The U.S. National Aeronautics and Space Administration (NASA) launched its Psyche spacecraft in October 2023 with the mission of reaching and studying a unique asteroid orbiting the Sun between Mars and Jupiter. While the craft is still traveling to its destination, it already is enabling incredible scientific progress.

That is because, as part of its mission, the Psyche spacecraft is testing new laser communications technology.

This new technology “encodes data in photons at near-infrared wavelengths (rather than radio waves) to communicate between a probe in deep space and Earth,” according to NASA. As a result, this method of communication can transfer much more data between the craft and Earth in a set amount of time than was previously possible. At one point during the demo, NASA reached maximum data transfer rates of 267 megabits per second when the craft was 19 million miles away from Earth, a rate comparable to broadband speeds.
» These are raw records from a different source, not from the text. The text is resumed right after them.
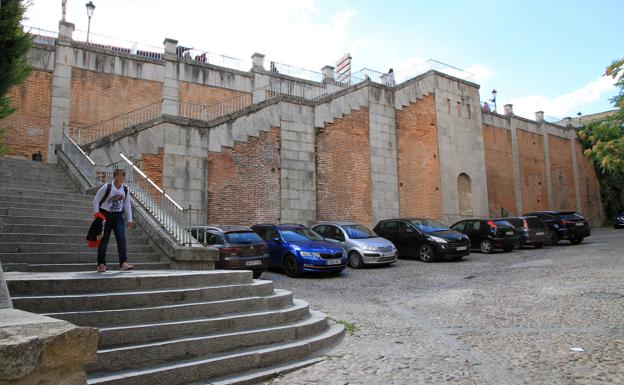 La empresa FAIN Ascensores SA instalará el de la calle Gascos por 97.720 euros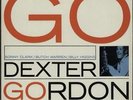 Go Dexter Gordon vinyl LP album record French BST-84112 BLUE NOTE 1984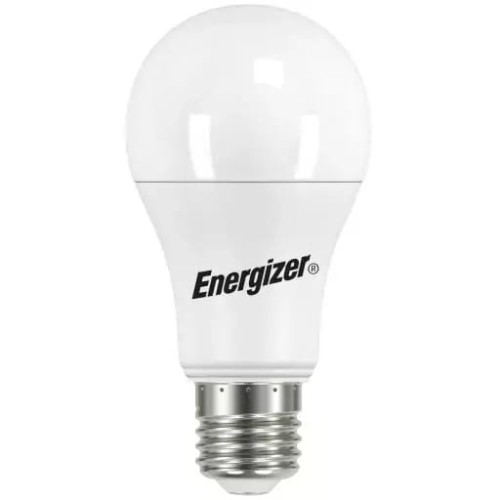 ENERGIZER ŻARÓWKA BULB 13,5W / 100W E27 1521LM BARWA CIEPŁA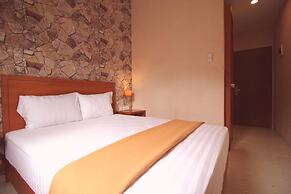 Amaya Suites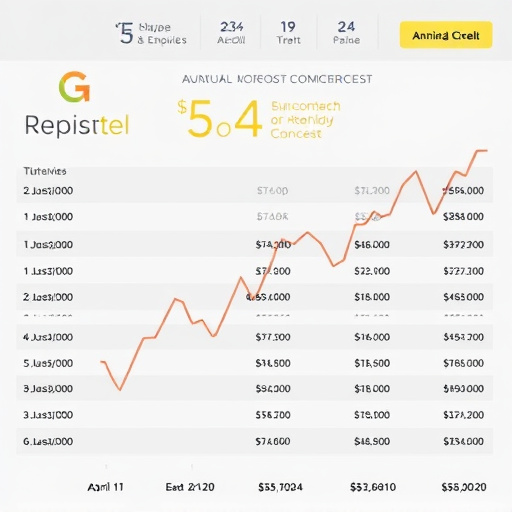 gohighlevel annual cost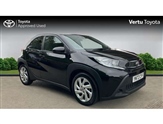 Toyota Aygo Image 1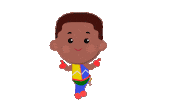 Carnaval Frevo Sticker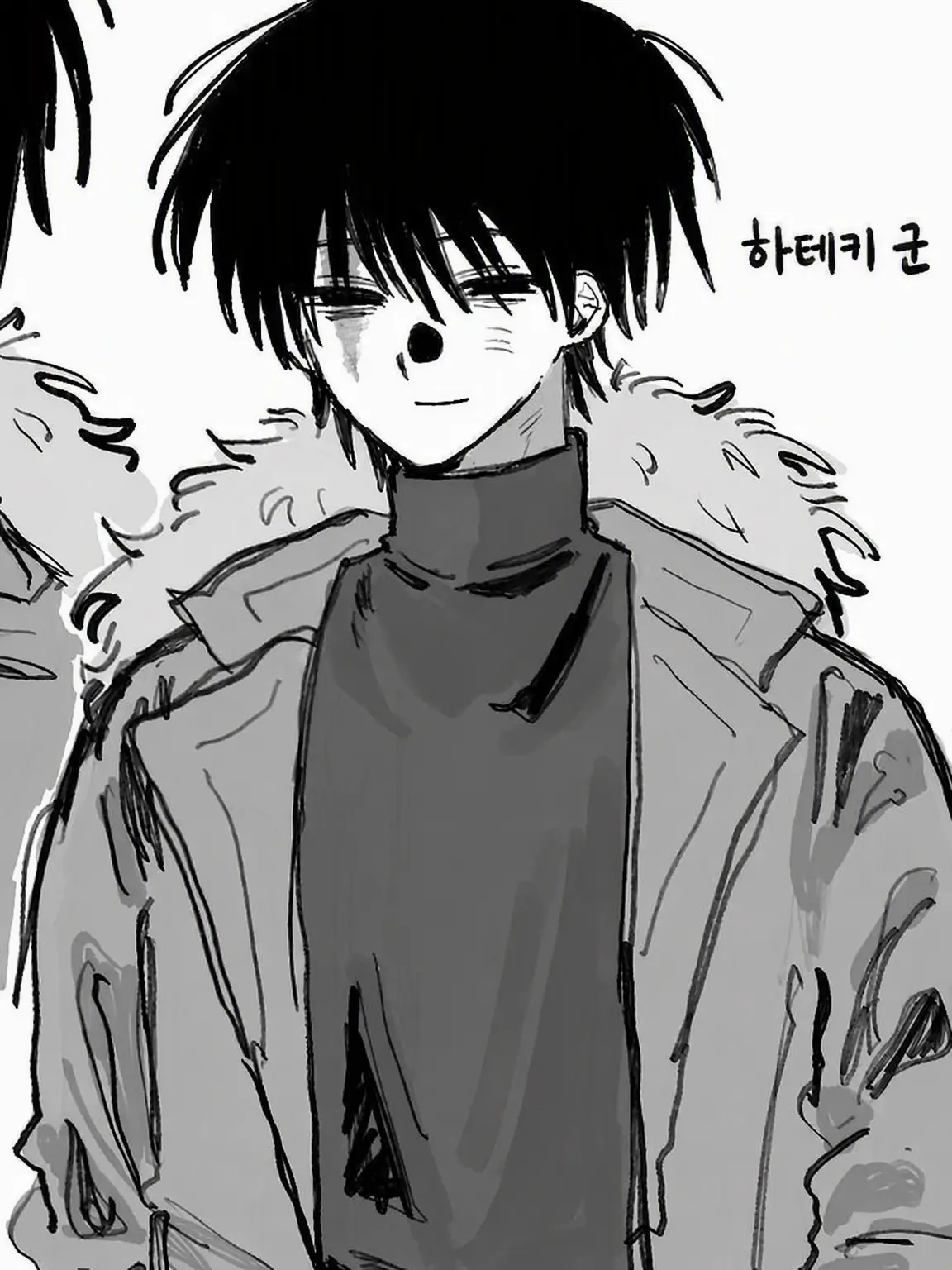 qp_520_의 옆집의 하이키 군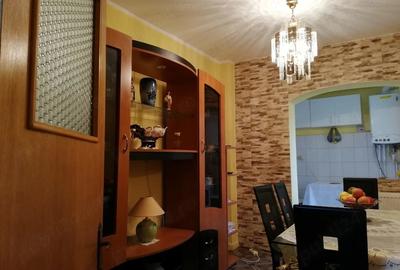 Apartament cu 3 camere decomandat în Ultracentral - 5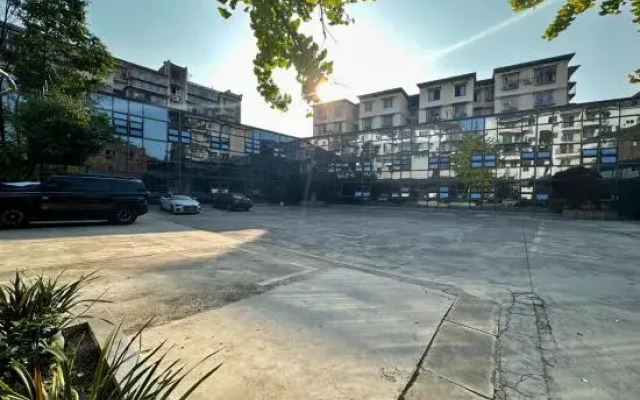 Years of Mountain Residence Hot Spring Hotel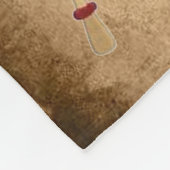 COUVERTURE POLAIRE HOJ (Coin)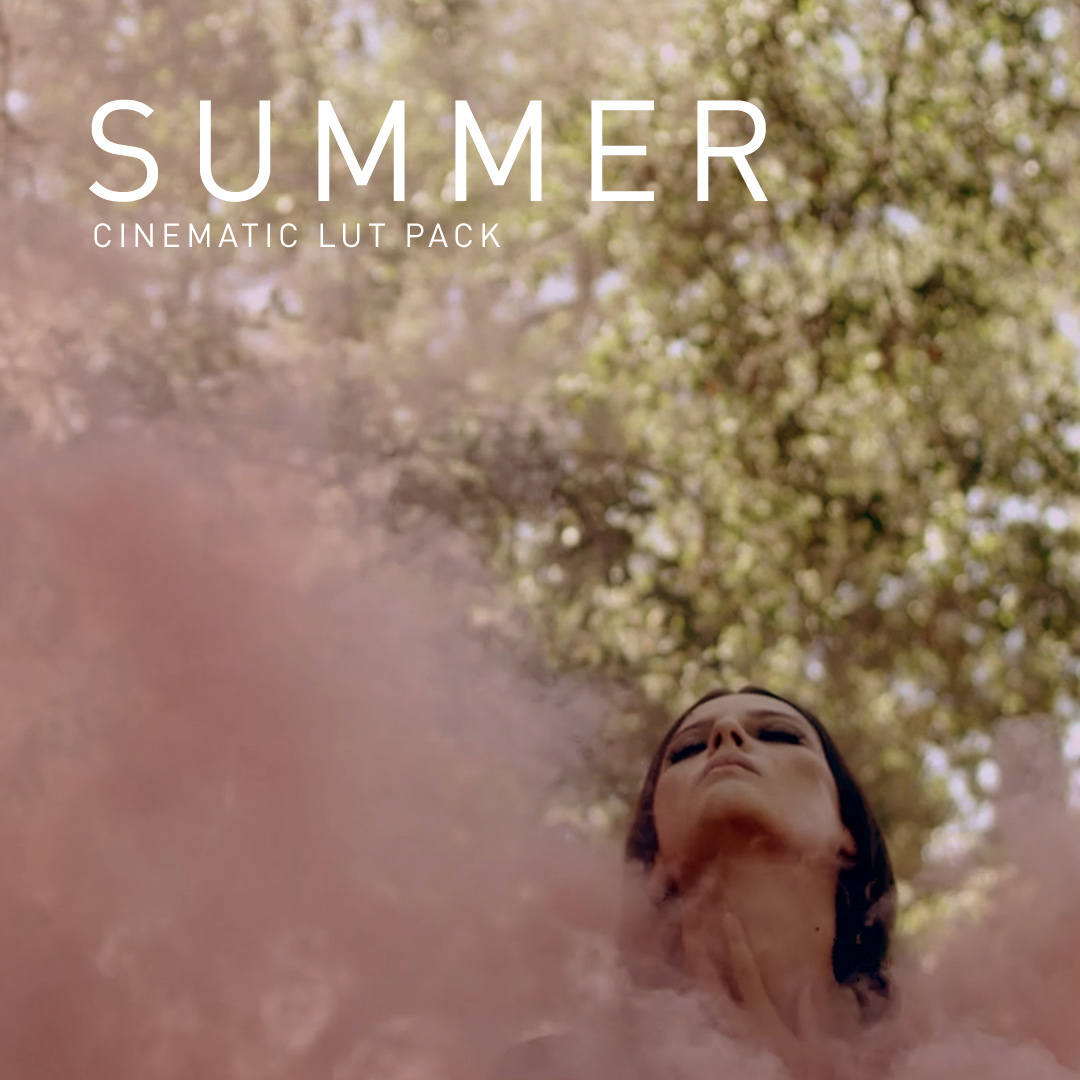 SUMMER_LUT_PACK-1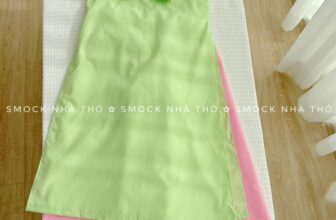 [🆕🇻🇳] Smock Nhà Thỏ – ĐẦM SMOCK 🩷 ĐẦM THIẾT KẾ 🩷 🧑‍🧒❤️️👶⭐️ Hệt như cô Tấm xé truyện bước ra luôn ấy chứ .Chính thức lên kệ em áo dài nơ xanh mướt mát này nhé , độ dễ thương thì vô hạn mà số lượng lại có hạn … ch , shares-2✔️ , likes-17❤️️ , date-2024-12-21 19:17:48🇻🇳🇻🇳🇻🇳📰🆕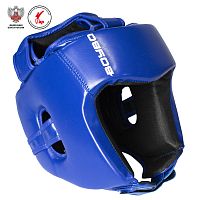 Шлем BoyBo TWIN, IKB-42 (одобрено ФБР, ФКР)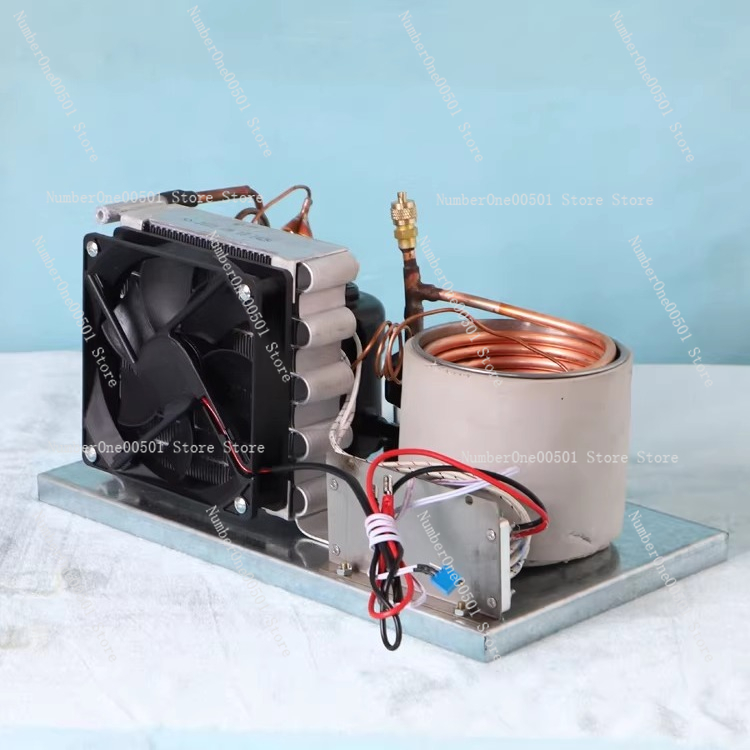 ST19W ミニウォーターチラー一体型ユニット 12V 24 - Laser Chiller Water Cooler のレビューと価格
At another point in the demo, Psyche was 110 million miles away from Earth and, predictably, laser communication speeds slowed down significantly due to the distance, reaching only about 25 megabits per second. However, this was still a huge win, because NASA’s goal was to prove that transmissions of at least 1 megabit per second were possible. This puts laser communication at anywhere from 10 to 100 times faster than the best radio frequency (RF) technology being used for similar purposes today.
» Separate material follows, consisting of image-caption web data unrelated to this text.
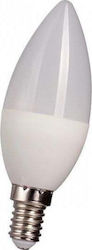 Light Bulb LED Bulb 3.5W for Socket E14 Warm White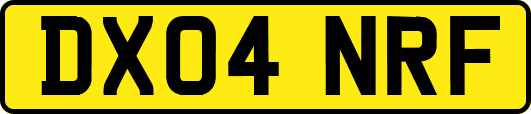 DX04NRF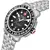 Мужские часы Swiss Military Hanowa Black Marlin SMWGH0001702, фото 2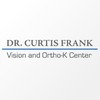 Dr Curtis Frank Vision & Ortho-K Center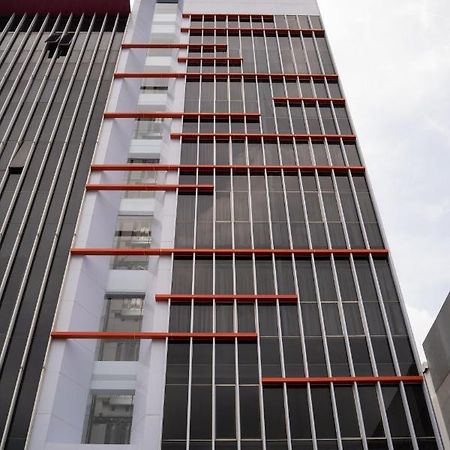 Grand G7 Hotel Pasar Baru Jakarta Extérieur photo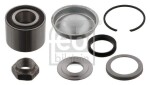 FEBI BILSTEIN Rattalaagrikomplekt 34924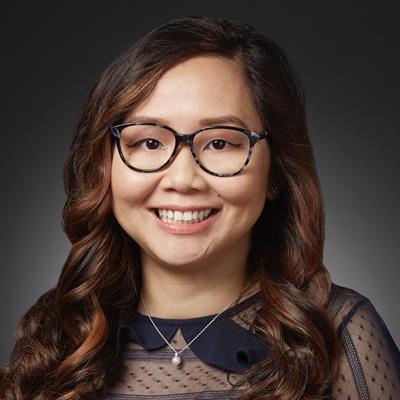 Elisa Tran, MD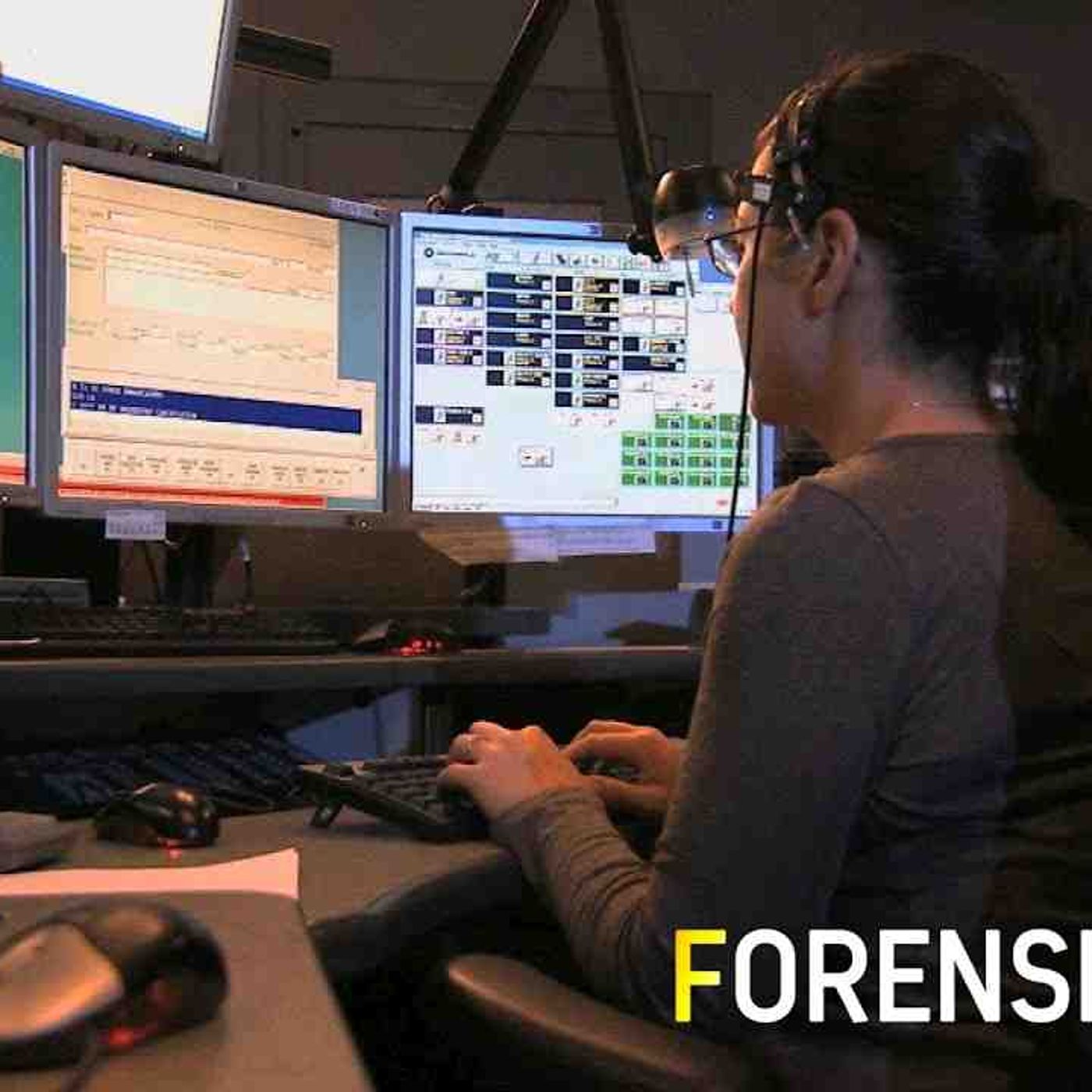 Forensic Files (HD) - - Watchful Eye - Full Episode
This not only opens up new possibilities in deep-space communication, it also suggests that laser communication used closer to home, specifically between geostationary satellites (GEOs) and low Earth orbit satellites (LEOs), could soon become much faster and more reliable.
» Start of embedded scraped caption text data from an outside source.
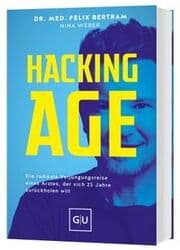 Cover von Hacking Age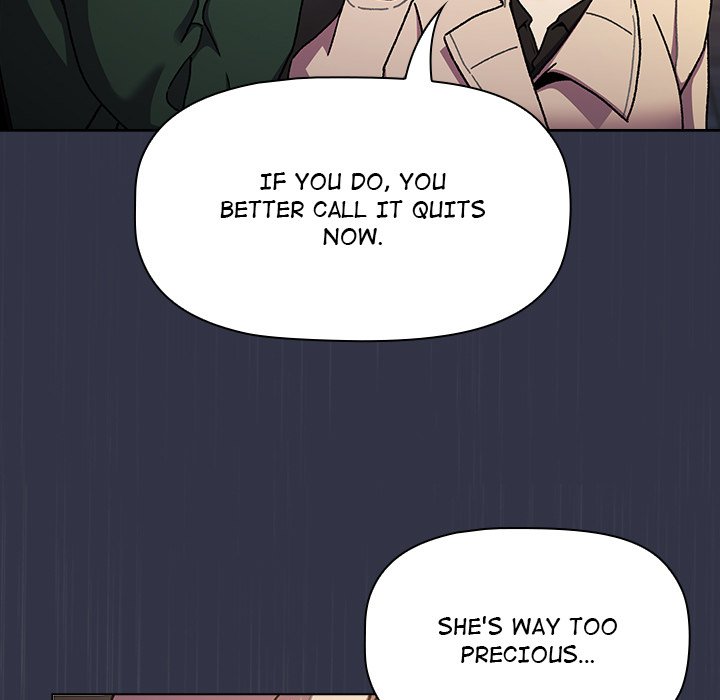 Read What do I do now...? chapter 37 image 104 on Lezhin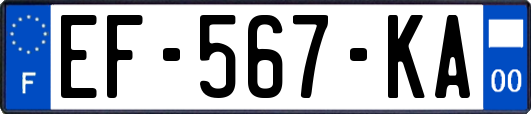 EF-567-KA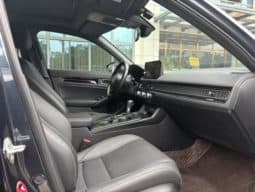 
										Honda Civic, 2022 full									
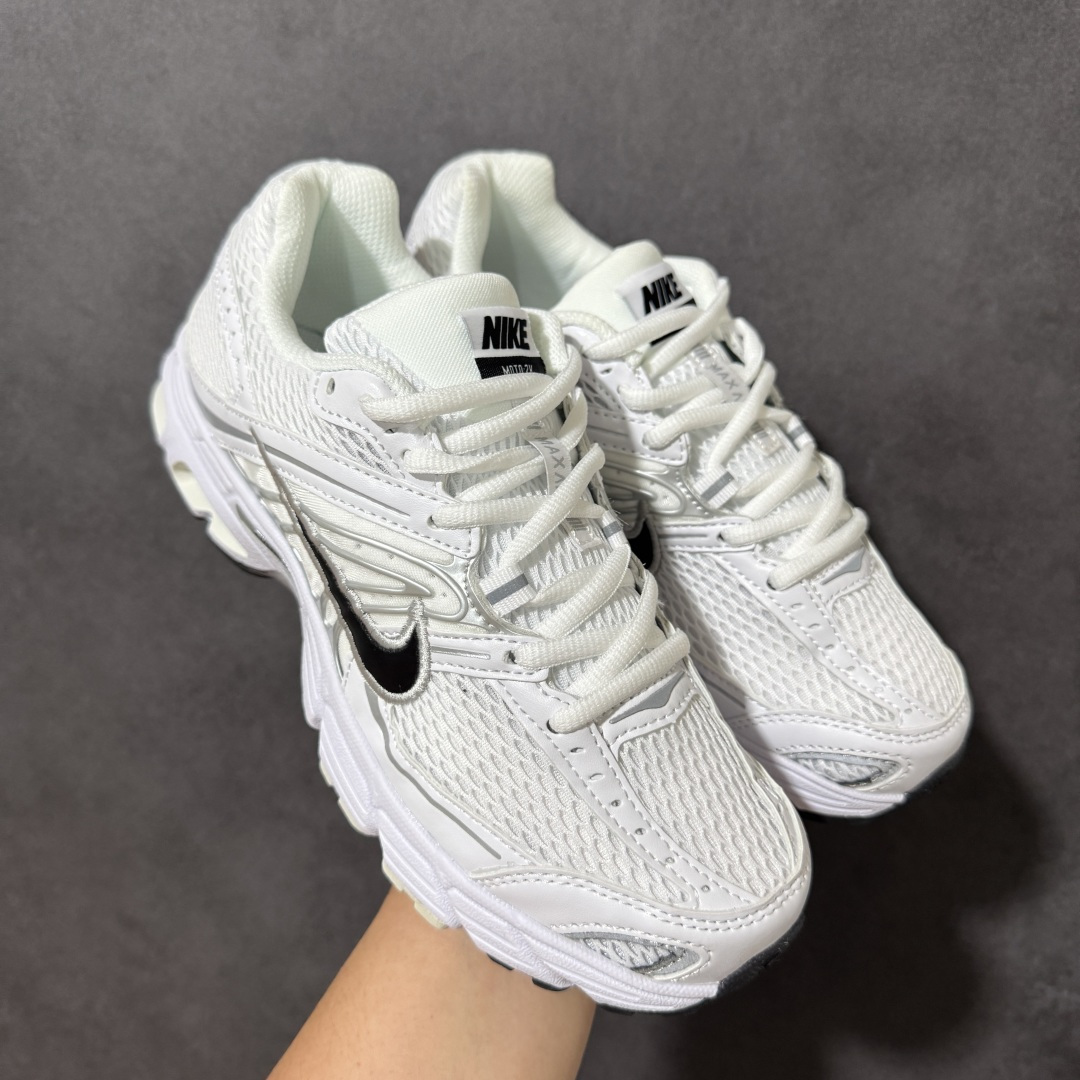 Nike Air Max Moto 2K 耐克 百搭舒适耐磨 低帮跑步鞋 合集 货号:HQ2056 101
Laser communications and geostationary satellites

GEOs are satellites orbiting Earth’s equator at an altitude of about 22,000 miles. By the nature of their orbit, they appear stationary if you’re looking at them from Earth; in other words, they’re always over the same place. GEOs are able to cover large swaths of territory, so they’re widely used for telecommunications, navigation, and weather forecasting. GEOs predominantly rely on RF communication to transmit and receive data. However, thanks to NASA’s demos, there may now be a better way to operate these satellites.

Laser communication of the type demonstrated by NASA is capable of delivering significantly higher bandwidth than RF, with reduced size, weight, and power requirements on the satellite itself, said Francis Bennet, an astrophysics researcher at Australian National University.

That sentiment is echoed by John Degnan, a former NASA employee and independent technical consultant. “I believe lasers have a lot to offer in terms of size, cost, and bandwidth,” he said. “A 20-watt laser can transmit data at megabit rates per second to the farthest planets and at gigabit rates per second to our nearest neighbors.”

Those benefits become even more compelling when laser communications are applied to GEOs. Since GEOs are much closer to Earth than distant probes like Psyche, lasers should be able to help them transmit much more data at much faster speeds, both between the satellite and Earth—and to low Earth orbit satellites (LEOs) that are even closer to Earth.

“Since the distance between terminals in geostationary orbits is orders of magnitude smaller than interplanetary distances, much higher data rates can be accommodated between them with lower output powers and smaller ‘antennas’ (telescopes),” said Degnan.

GEO vs. LEO

This raises the question: Could GEOs armed with laser communications begin to outpace constellations of LEOs like Starlink?

LEO satellites orbit much closer to Earth than GEOs do, orbiting anywhere from about 100 miles to 1,200 miles above the surface. While they move much faster than GEOs, they also cover significantly less territory, so you need many more of them to cover an area. However, because they are so much lower to the ground, they are much better at low-latency applications, like transmitting voice calls or providing Internet service.

This is why LEOs are used to power Starlink, and LEOs are why Starlink can provide fast, high-quality, and reliable communications in typically poor coverage areas, like rural backwaters or active battlefields.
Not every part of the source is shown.